IMF Africa chief to retire in August

9 Jun 16

Antoinette Sayeh, director of the International Monetary Fund’s African Department, is to retire later this year.

 

 

The fund announced yesterday that her eight-year tenure will officially come to an end this August. Sayeh had played an “enormously influential” role in shaping the IMF’s relationships with African countries, it said.

Sayeh joined the fund in 2008, as the global financial crisis and surging food and fuel prices were bearing down on living standards across the continent.

IMF managing director Christine Lagarde said Sayeh “navigated these and later challenges with her trademark skills of quiet, effective diplomacy, deep analytical capability and an unrivalled understanding of the challenges facing her continent”.

Sayeh and her team contributed to the reform of the fund’s concessional lending facilities in 2010, and later to the overhaul of its debt limits policy.

The IMF said more reforms have since followed, including changes that allowed the fund to provide emergency financing and debt relief to Guinea, Liberia and Sierra Leone as the Ebola crisis took hold.
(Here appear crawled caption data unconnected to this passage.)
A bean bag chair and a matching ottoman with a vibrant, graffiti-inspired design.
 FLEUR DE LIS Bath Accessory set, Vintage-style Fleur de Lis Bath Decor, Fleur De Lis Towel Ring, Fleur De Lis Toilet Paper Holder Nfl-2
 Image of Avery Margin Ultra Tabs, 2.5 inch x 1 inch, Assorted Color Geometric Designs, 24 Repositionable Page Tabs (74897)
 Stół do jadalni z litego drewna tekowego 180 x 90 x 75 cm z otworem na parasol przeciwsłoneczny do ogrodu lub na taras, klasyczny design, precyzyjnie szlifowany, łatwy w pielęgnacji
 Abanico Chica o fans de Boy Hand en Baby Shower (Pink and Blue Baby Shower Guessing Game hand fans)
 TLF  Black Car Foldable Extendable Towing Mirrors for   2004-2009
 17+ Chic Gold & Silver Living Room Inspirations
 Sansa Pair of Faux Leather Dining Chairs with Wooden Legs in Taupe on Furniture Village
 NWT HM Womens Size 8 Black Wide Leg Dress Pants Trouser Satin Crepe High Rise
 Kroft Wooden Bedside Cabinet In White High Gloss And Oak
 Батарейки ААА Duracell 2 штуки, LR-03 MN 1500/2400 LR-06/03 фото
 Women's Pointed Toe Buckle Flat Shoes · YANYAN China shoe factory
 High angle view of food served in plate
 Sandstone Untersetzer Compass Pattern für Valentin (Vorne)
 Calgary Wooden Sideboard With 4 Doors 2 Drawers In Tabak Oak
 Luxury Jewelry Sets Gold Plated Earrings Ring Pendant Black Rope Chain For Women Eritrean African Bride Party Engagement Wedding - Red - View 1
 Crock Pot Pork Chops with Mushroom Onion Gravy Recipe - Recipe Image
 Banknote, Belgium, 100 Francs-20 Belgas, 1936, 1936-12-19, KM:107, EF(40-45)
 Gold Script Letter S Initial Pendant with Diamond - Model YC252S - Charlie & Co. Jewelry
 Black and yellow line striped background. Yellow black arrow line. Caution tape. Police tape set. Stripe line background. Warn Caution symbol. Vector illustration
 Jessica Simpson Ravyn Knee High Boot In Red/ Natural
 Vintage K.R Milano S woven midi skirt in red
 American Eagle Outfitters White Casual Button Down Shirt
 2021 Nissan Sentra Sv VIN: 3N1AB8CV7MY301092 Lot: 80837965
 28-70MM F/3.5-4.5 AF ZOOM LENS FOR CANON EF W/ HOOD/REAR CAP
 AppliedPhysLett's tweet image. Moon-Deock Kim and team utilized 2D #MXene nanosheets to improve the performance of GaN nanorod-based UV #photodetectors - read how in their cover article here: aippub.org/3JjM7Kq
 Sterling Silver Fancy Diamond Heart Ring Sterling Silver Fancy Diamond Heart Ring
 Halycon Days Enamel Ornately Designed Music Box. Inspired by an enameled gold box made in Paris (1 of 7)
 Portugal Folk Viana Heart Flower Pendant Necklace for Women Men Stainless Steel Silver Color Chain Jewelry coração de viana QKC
Sayeh also oversaw efforts to improve the effectiveness of the fund’s technical assistance in Africa, with a sharper focus on institution building in fragile states especially.

Her work at the fund was shaped by her previous experiences in the Liberian Ministries of Finance and Planning, including as finance minister, a post she held following the conflict, from 2006-08.

During that time, she helped the country clear its long-standing arrears with international creditors, implement its first poverty-reduction strategy and significantly strengthen its public finances by championing public financial management reform.

Before that, Sayeh worked for the World Bank for 17 years, serving as country director for Benin, Niger and Togo and country economist for Pakistan and Afghanistan.

Lagarde said Sayeh has been “a great leader of the African Department, a respected colleague, a friend and a mentor to many”.

“Her dedication is unparalleled and her contribution to the fund has been truly outstanding,” she continued.

The fund said a search for a suitable successor would begin straight away.